I just realized something I forgot digging deeper into the code. Do you know if any calls to the UI to get a value within the thread (outside of an access() call) could cause an issue like this? Normally the values are read before any threads are executed just to be safe but in this case because of the complexities the components are sent in the thread to the report class and the specific child report instances each figure out what they need to read and so on. There’s some very compelling reasons to do it this way, and it’s never been an issue before, but now I’m wondering if maybe this could be causing the intermittent issue…
Adjusting the code is possible but it requires a good amount of effort. Therefore if you happen to know if you can or cannot safely read a GUI component in a thread that would be appreciated. I don’t remember seeing anything specific about this, it’s mostly about pushing rather than pulling the data from components.

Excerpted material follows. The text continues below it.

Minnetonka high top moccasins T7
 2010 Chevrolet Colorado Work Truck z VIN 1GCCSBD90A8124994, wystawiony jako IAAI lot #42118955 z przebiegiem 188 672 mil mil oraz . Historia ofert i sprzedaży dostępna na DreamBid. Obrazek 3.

UI.getCurrent() and VaadinSession.getCurrent() should return null, when called outside request thread.
I am usually advising against populating thread locals, instead use class field in view component to store UI reference and create thread aware update method in the view.
Something like this
And I am using utility method that takes care of error cases and logging accordingly
This allows me to isolate thread use in my Presenter and be UI agnostic.
Usually accessing any UI components outside (read or write) access is discouraged as any updates can cause them to missed. However, Java as usual. If they are your own components that you pass around and you know that they are thread-safe (have no side effects) it should not be problem reading data out from them.
This also seems to only happen in the production system (reverse proxy through apache) and works 100% when running locally.
I think the key observations are a) happens only in production and b) UI is ok after the next user event. That is why I don’t think it is related to the access-method. You should see those more consistently and in development.
Overall there should be an exception, but I’ve also seen happen on TCP level network issues when connection simply stalls, and we are back to system level timeout error (which is very long).
But now I noticed also that the DefaultErrorHandler ignores all the SocketException unless in debug mode.
Just to avoid confusion, the ui in ui.access() is referenced from outside the thread. Access to the components are done in a thread safe manner. That is to say the thread only reads from some components and writes to others. No component has both read and write.
The DefaultErrorHandler comment is interesting. Not that it would resolve the issue but it may help in debugging.
That being said I’m going to create a test app that tries to read a GUI component within a thread and then calls another GUI component through the ui.access() method and see if I can’t replicate it. The code won’t read and write to the same component, it’s more to see if reading can cause some kind of blocking on the write/push. I will follow up with what I find as soon as I have the chance.
Have you enabled server push for your app? That everything gets updated when you click on the screen could indicate that push is not enabled or not working (perhaps related to the reverse proxy)
Perhaps you’re calling UI.getCurrent() from a background thread: then UI.getCurrent() returns null and UI.getCurrent().access() throws a NullPointerException and perhaps the exception is not logged anywhere.
On a related note I’ve finally had the time to create some test code and I’m able to replicate the behavior, including locally. And consistently. I’m just in the process of cleaning up the code and once it’s done (isolate it further) I’ll submit a bug report as well as post it here.
That code works great locally, including a local deploy. But as soon as I put the app behind apache the push updates fail. However if I type anything in the TextField and then click anywhere outside an update is forced and everything updates all at once. Until I do this the page sits idle and no push updates work.
The production code is more involved, and I’ve tried to trim it down as much as possible. In productions the updates happen most of the time, in the GitHub sample code the push never works. For some reason that code is able to replicate the issue 100% of the time. Like I said I tried to trim it down to as little code as possible, which eventually got me to replicate it 100% of the time.
The only way to update the website is to use a GUI component. If it’s a ComboBox rather than a TextField then I just need to click anywhere in the ComboBox, I don’t even need to select anything, just click on the GUI component.
For my test both the application and Apache are running on the same server. I’ve tried to simplify things to isolate them as much as possible, so I’m avoid any connection issues between servers. I’ve also removed all non-essential configs in the test system. The app is running through a qa subdomain.
Below are the configs for just the qa subdomain. The main subdomain (www) has almost the same with the added SSLProxyEngine on and ProxyPreserveHost on settings in the test environment. Again I’m trying to pull everything out to keep it as simple as possible, so the test/qa system is very minimized.
<VirtualHost *:443>
# Include SSL certs, SSLEngine On, error log file, etc.
Include common-configs.conf
ProxyPreserveHost on
ProxyPass / http://localhost:8080/
ProxyPassReverse / http://localhost:8080/
# Adjusted for the actual values rather than the placeholders.
DocumentRoot /var/www/myDocumentRoot
ServerName qa.myDomain.com
ServerAlias qa.myDomain.com
</VirtualHost>